Trouble

Any solicitor should reasonably be glum now. No office will escape the consequences of Ireland’s financial troubles and, ignoring runes, we need only read the recent record of our neighbour, the UK, to see what those consequences might be.

Let’s start with the straightforward stuff; Thomas McGoldrick, a solicitor, stole £1.25 million from a client left paralysed (from the neck down) by a traffic accident. The judge sentenced him to ten years in jail. McGoldrick’s firm acted for the client in his personal injury action. McGoldrick met the client once and when the compensation was lodged in the client account McGoldrick treated it as his own, driving a Mercedes and Jaguar with personalised number plates and sending his children to expensive prep schools.

In the UK, as in Ireland, theft like this is, effectively, a charge on all solicitors; the Law Society Compensation Fund has to make good the loss.

Any normal person might go off the rails on hearing news like this. Take Esther Cunningham for example. She was defending her cousin on a dangerous dog prosecution but had to be escorted from court after kissing a solicitor, swearing at an usher and insulting the prosecutor while “fortified” with brandy. To her credit her legal representative said of her; “The forcible kissing of a solicitor is something that has been difficult to accept”. Who, among her colleagues, would not agree?

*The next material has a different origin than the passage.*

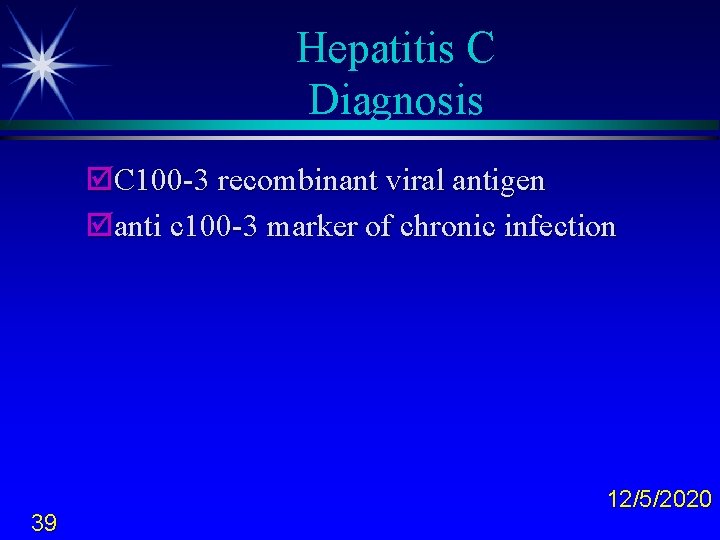 Hepatitis C Diagnosis þC 100 -3 recombinant viral antigen þanti c 100 -3 marker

Distraction, even while remaining on the rails, so to speak, could also be easily foreseen following on such troubles. Consider how readily a solicitor, raffling a house, could forget to get a licence to run a lottery. The then-President of the Law Society , Paul Marsh warned his colleagues against launching prize draws because he feared that, as the recession deepened and house prices continued to fall, more people might be tempted to establish prize draws. He also feared that they could be used to conduct mortgage fraud or for money laundering. He pointed out that anyone found guilty of running an unlawful lottery faces a maximum sentence of 51 weeks in prison and/or a fine of up to £5,000 under the Gambling Act 2005.

One wonders whether Mr. Marsh was not himself distracted. Did he not know what many of his members were then doing? They were bribing people to get work for their firms.
A report described the practice in relation to the “miners’ scandal” in these terms;

“…some law firms charged fees to the miners out of their compensation awards. This “success fee” was often charged on the ground that the miner had been introduced to the solicitor by a claims handling company or trade union that had charged the solicitor to send the case to them.”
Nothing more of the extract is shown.